Après le succès à peine surprise de True Detective, HBO poursuit sur sa lancée avec la programmation de The Leftovers, série dramatique à forte teneur psychologique centrée sur la mystérieuse disparition de millions de personnes autour du globe, ainsi que sur les efforts de ceux qui sont restés pour reconstruire leur vie en dépit de l'absence de réponse face à ce phénomène inédit. Inspirée du roman éponyme de Tom Perrotta, également créateur de la série aux côtés de Damon Lindelof (collaborateur de Abrams, avec lequel il a notamment élaboré la série Lost), The Leftovers s’accommode notamment de quelques noms prestigieux, dont celui du réalisateur Peter Berg, de l'acteur Justin Theroux et de l'actrice Liv Tyler.
L'œuvre de Lindelof et Perrotta est avant tout un objet curieux, quoi qu'on en dise. Dans la lignée de Lost et autres 4400, HBO mise sur l'aura mystérieuse de son nouveau projet pour aguicher les spectateurs : disparitions inexpliquées, phénomènes mystificateurs, personnages atypiques, tout est réuni pour délivrer un de ces spectacles dont raffole une audience blasée par des intrigues trop terre-à-terre. Néanmoins, et à la différence des séries mentionnées ci-dessus, The Leftovers fait le choix d'une pudeur extrême, à la fois dans sa mise en scène et dans son intrigue. En lieu et place des gros effets d'annonce et des rebondissements tous azimuts, on y substitue une histoire qui avance à pas feutrés, via notamment une mise en scène soignée, souvent propice à distiller une ambiance inqualifiable, à l'instar de la scène d'ouverture du pilote et de nombreuses scènes mettant à profit de longues séquences d'exposition, ainsi que la musique spirituelle de Max Richter.
La logique de progression est en phase avec le thème principal de l'intrigue : la religion, clé de voûte des différentes péripéties, bien que mentionnée surtout dans le sous-texte et assimilée de façon récurrente aux digressions psychologiques des personnages et aux événements surnaturels qui s'abattent sur la petite ville de Mapleton. A vrai dire, il est difficile de déceler dans cette première saison la cause de toutes les étrangetés qui sévissent au travers des épisodes : les pistes fourmillent mais aucune d'entre elles ne permet de statuer sur le pourquoi du comment de cet imbroglio mystico-fantastique. Peu prolixe sur les causes, The Leftovers travaille davantage la caractérisation de ses personnages, n'hésitant pas à consacrer un épisode entier sur un protagoniste en particulier ou à s'adonner à un récit-choral permettant de récupérer les pièces du puzzle, mais sans jamais le compléter.
On le comprend aisément, cette série est atypique et joue bien plus sur des signes, des ressentis et des ressorts psychologiques que sur des grosses ficelles scénaristiques qui s'attachent et se détachent au gré des saisons.
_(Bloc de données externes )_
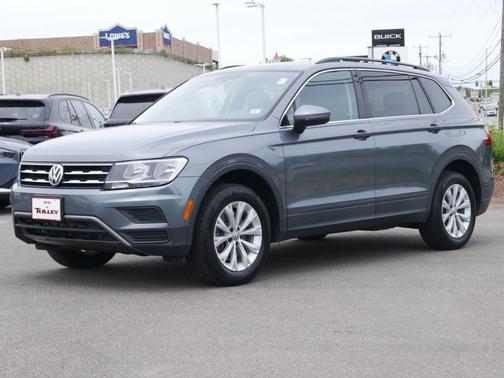 Platinum Gray Metallic 2019 Volkswagen Tiguan 2.0T SE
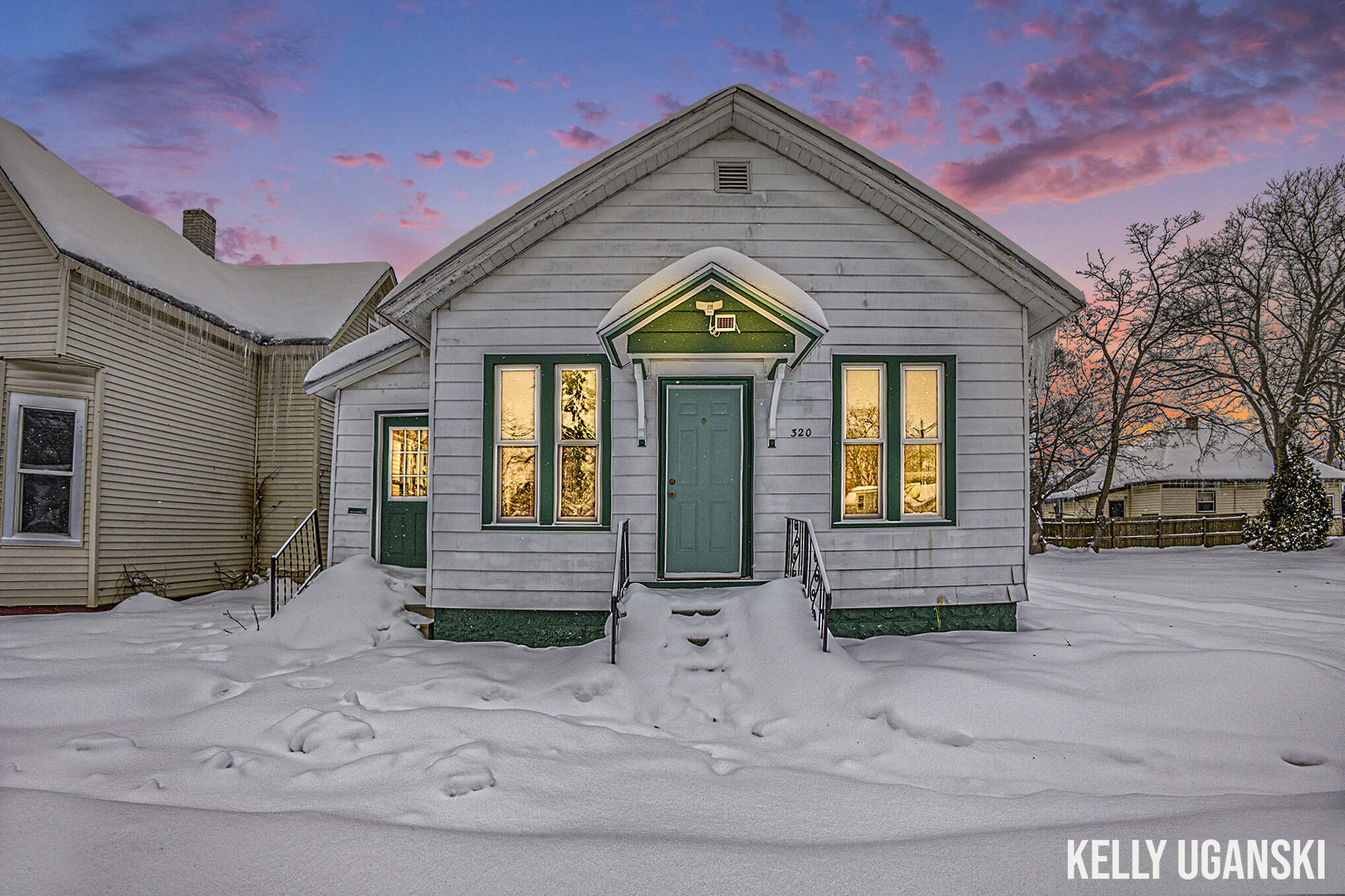 320 Myrtle Avenue Muskegon MI 49442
Si ce premier acte réserve son lot de révélations, on sent tout de même cette retenue permanente dans le déroulement de l'intrigue : The Leftovers est destinée à s'inscrire dans le long-terme, pari risqué à l'ère de l'immédiateté télévisuelle, mais force est de reconnaître que la série a tout pour le relever haut la main, grâce à des personnages profonds (accolés à des acteurs très justes), un travail d'écriture hallucinant d'habileté et une réalisation quasi-cinématographique. C'est sur toutes ces différences notoires que le dernier-né d'HBO peut creuser l'écart et s'offrir une audience de choix. Le prochain défi à relever pour Perrotta et Lindelof sera celui de la longévité, en prolongeant leur jeu de pistes sans pour autant rester trop avare en explications afin de ne pas lasser une audience impatiente. Il est bien difficile de rendre un jugement sur ce curieux nouvel objet télévisuel, tellement il est riche en contenu mais également toujours dans sa période de gestation. Cependant, c'est bel et bien la curiosité qui l'emporte sur la frustration : The Leftovers promet beaucoup et a le mérite de proposer un contenu original et qualitativement sans faille. Affaire à suivre, c'est indéniable.